Avi supports several persistence methods, and some require persistence tables stored in Service Engine memory. Client IP persistence uses a persistence table that maps client addresses to selected backend servers, which consumes Service Engine memory. TLS persistence also relies on state associated with TLS session behavior. App Cookie Persistence depends on application cookies and persistence handling that Avi must interpret or track. HTTP Cookie Persistence , however, is different because Avi can insert or use a cookie value that identifies the selected server, allowing the client to carry the persistence information in subsequent requests. This avoids maintaining the same kind of server-side persistence table in Service Engine memory. Therefore, the persistence type that does not consume Service Engine memory is HTTP Cookie Persistence .

WAF-related application traffic events are exposed through Virtual Service logs.
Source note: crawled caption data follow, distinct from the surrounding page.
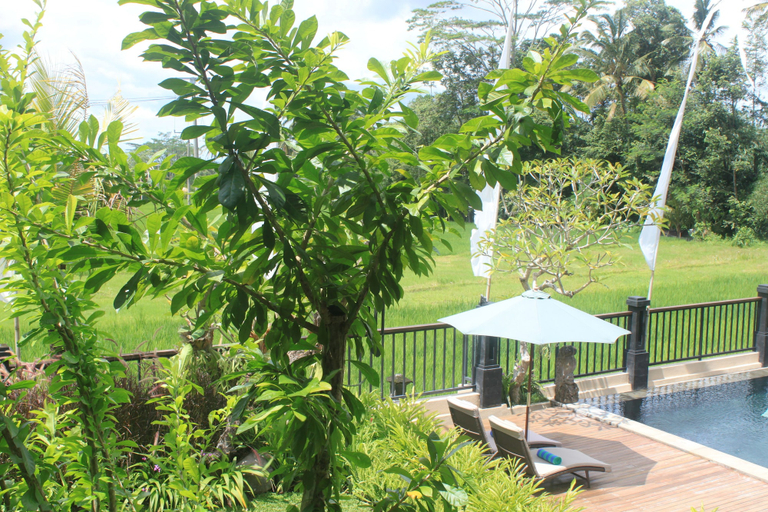 Sport & Beauty 2, Onje Resort and Villas, Gianyar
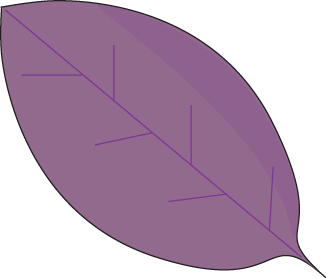 Purple Autumn Leaf Clip Art Image   Purple Leaf With A Black Outline
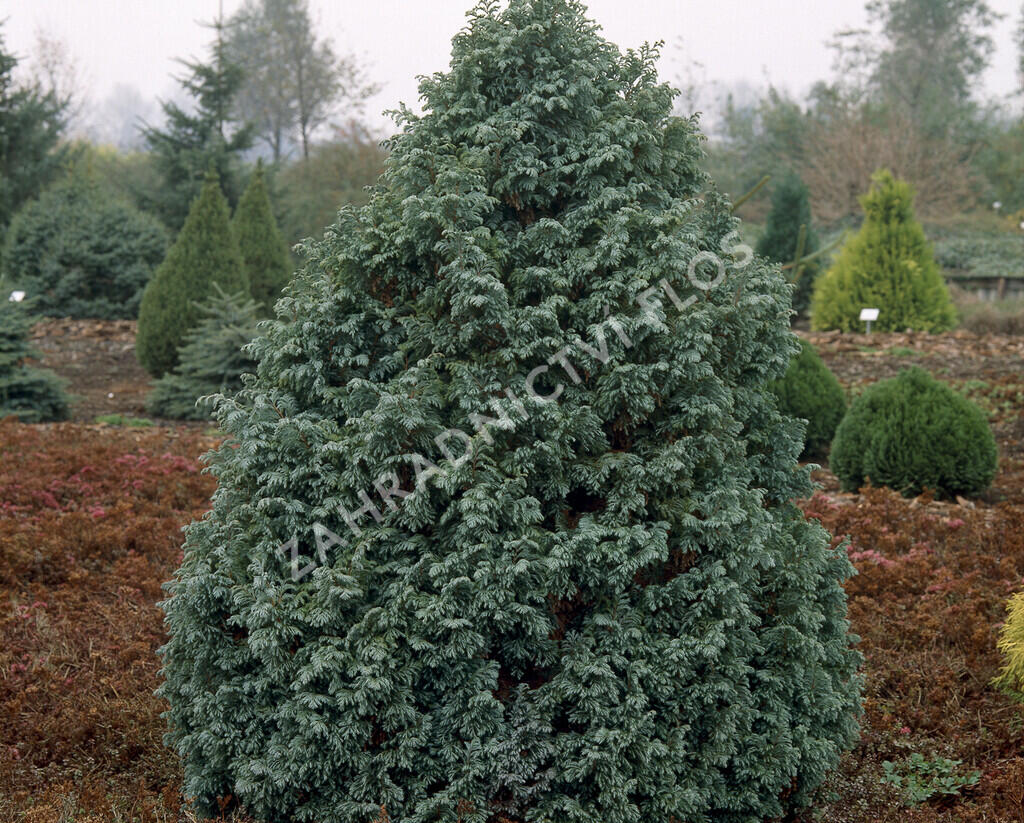 Cypřišek hrachonosný 'Boulevard' - Chamaecyparis pisifera 'Boulevard'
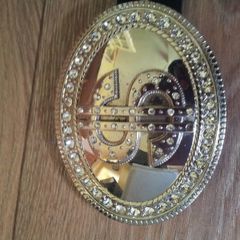 Genuine leather belt with dollar sign
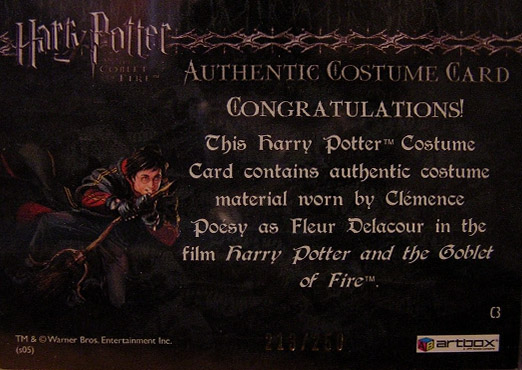 C3 - Fleur Delacour's First Task Costume - Back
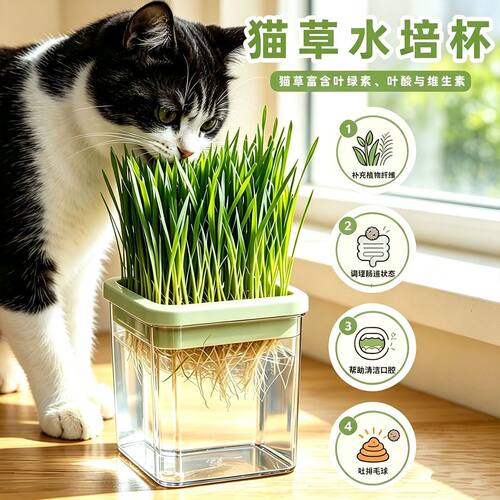 水培猫草杯盆栽懒人猫草专用水培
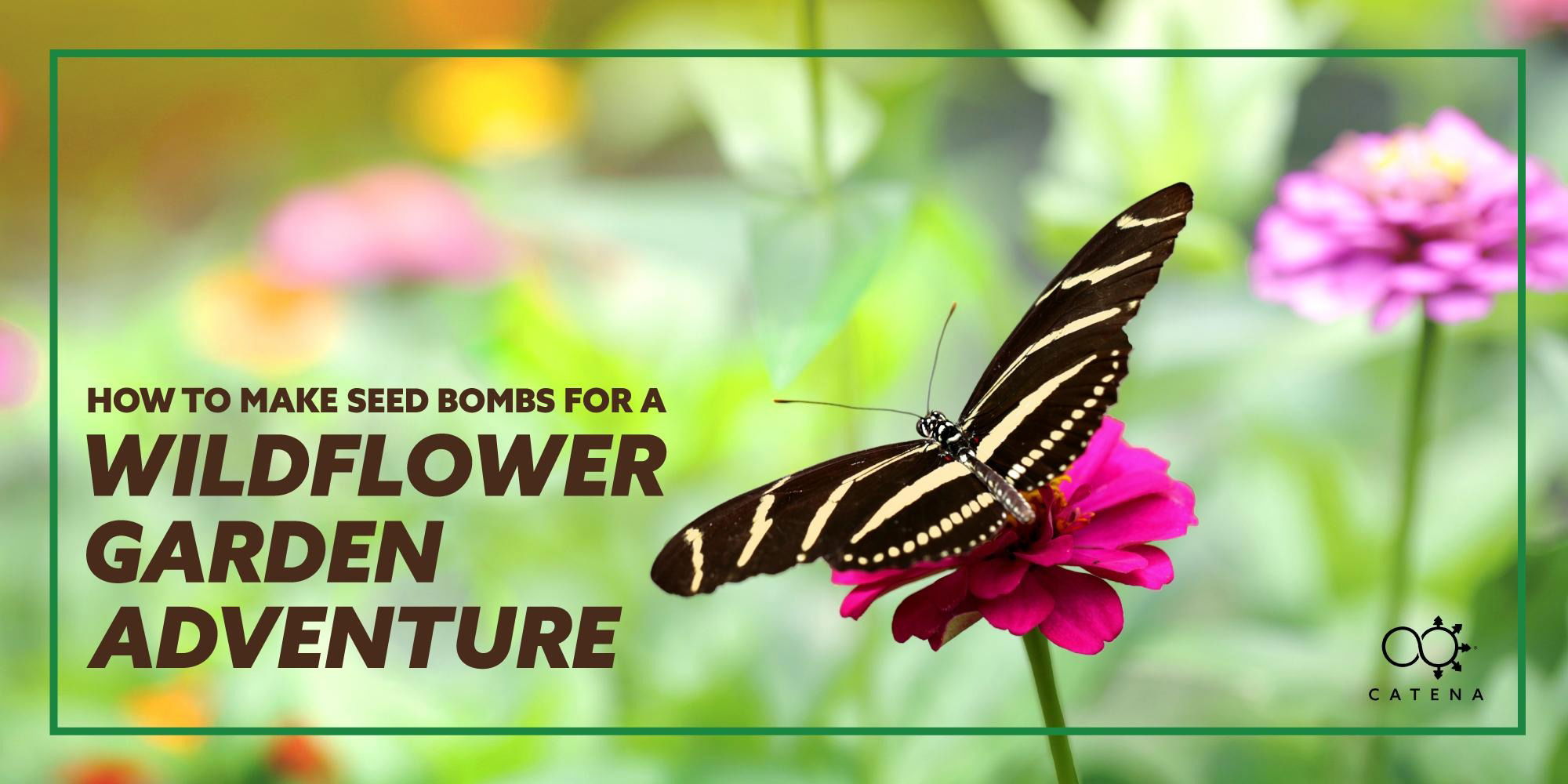 How to Make Seed Bombs for a Wildflower Garden Adventure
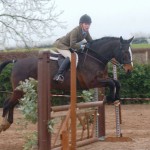Gransha Equestrian Centre Working Hunter Competition For Mon 1st April
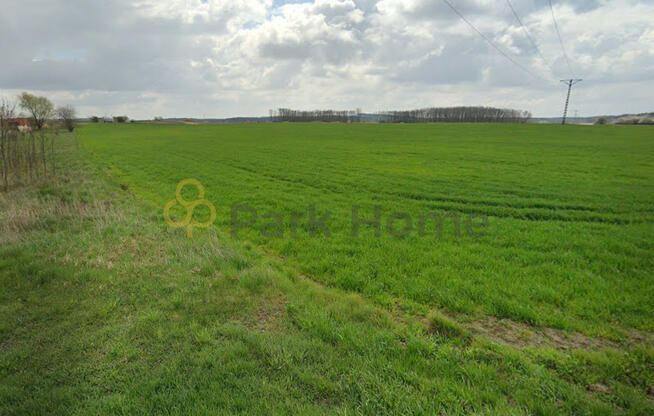 Działka inwestycyjna Śmigiel,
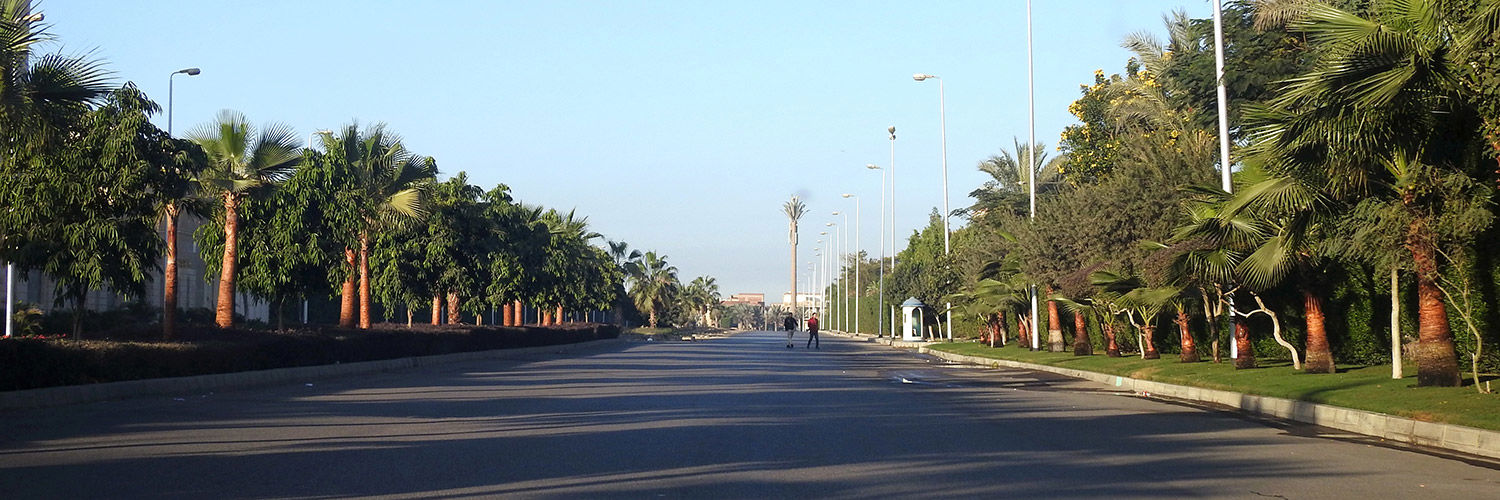 Treelined street in Cairo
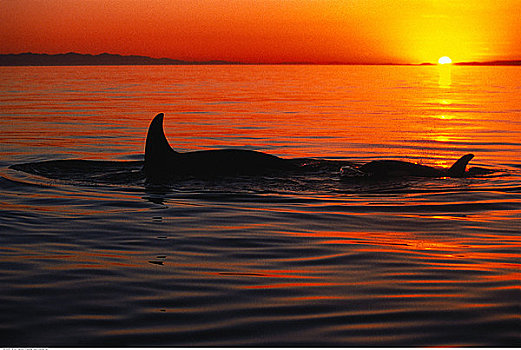 逆戟鲸,水,日落,温哥华岛,不列颠哥伦比亚省,加拿大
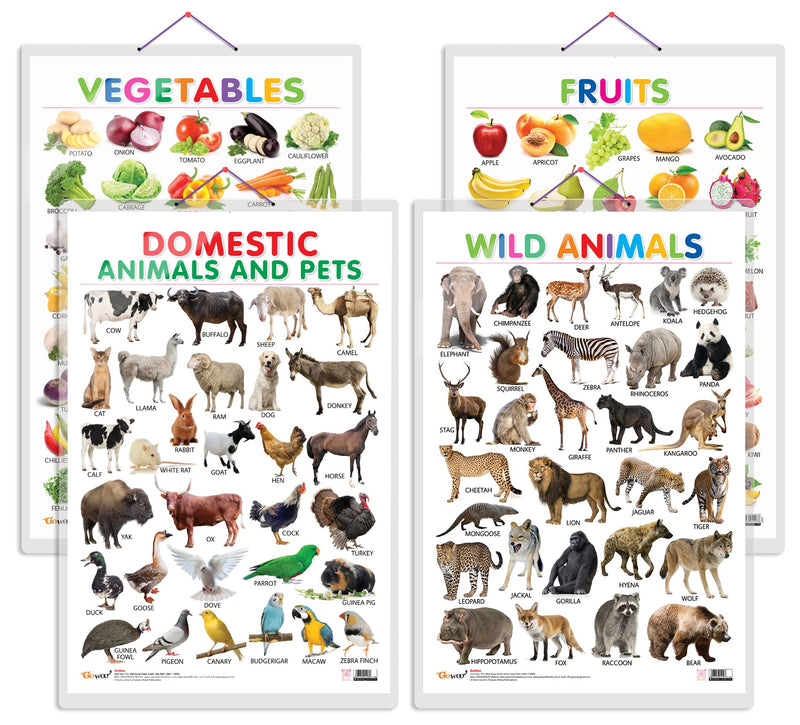 Set of 4 Fruits, Vegetables, Domestic Animals and Pets and Wild Animals Early Learning Educational Charts for Kids | 20"X30" inch |Non-Tearable and Waterproof | Double Sided Laminated | Perfect for Homeschooling, Kindergarten and Nursery Students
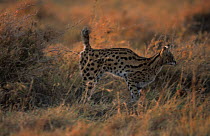 Serval (Felis / Leptailurus serval) male marking territory by spraying on bush, Masai Mara NR, Kenya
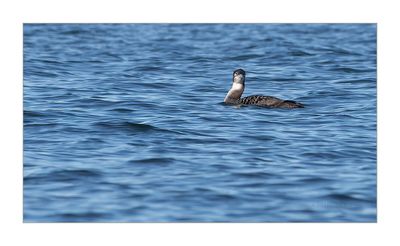 Mobelha-grande --- Great Northern Loon --- (Gavia immer)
In Avi Load Balancer, client application logs provide per-request visibility, including security-relevant events and WAF match details when WAF is enabled. The Logs tab on the Virtual Service detail screen is the operational location used to inspect these request-level entries. Alerts are used for alert conditions and system events, not for viewing each application traffic log. Analytics provides charts and performance summaries, while the Security tab is used for configuration or summarized security context depending on the UI view. Because the question asks where WAF-specific application traffic log messages are found for a Virtual Service, the correct operational location is the Logs tab of the Virtual Service detail screen.

VMware Avi Load Balancer supports HTTP-to-HTTPS redirection in more than one way. The HTTP application profile can perform a general HTTP-to-HTTPS redirect, but an HTTP Policy provides more granular control because policies can match on specific conditions and then apply actions. Avi documentation states that Virtual Service policies are more specific than general-purpose profiles and that policy rules take precedence over profile behavior. This makes HTTP Policy redirection more flexible than using only the HTTP profile, because administrators can build conditional redirect logic based on host, path, headers, or other HTTP match criteria. It is not incompatible with WAF, and it is not described as less efficient than DataScript for this purpose.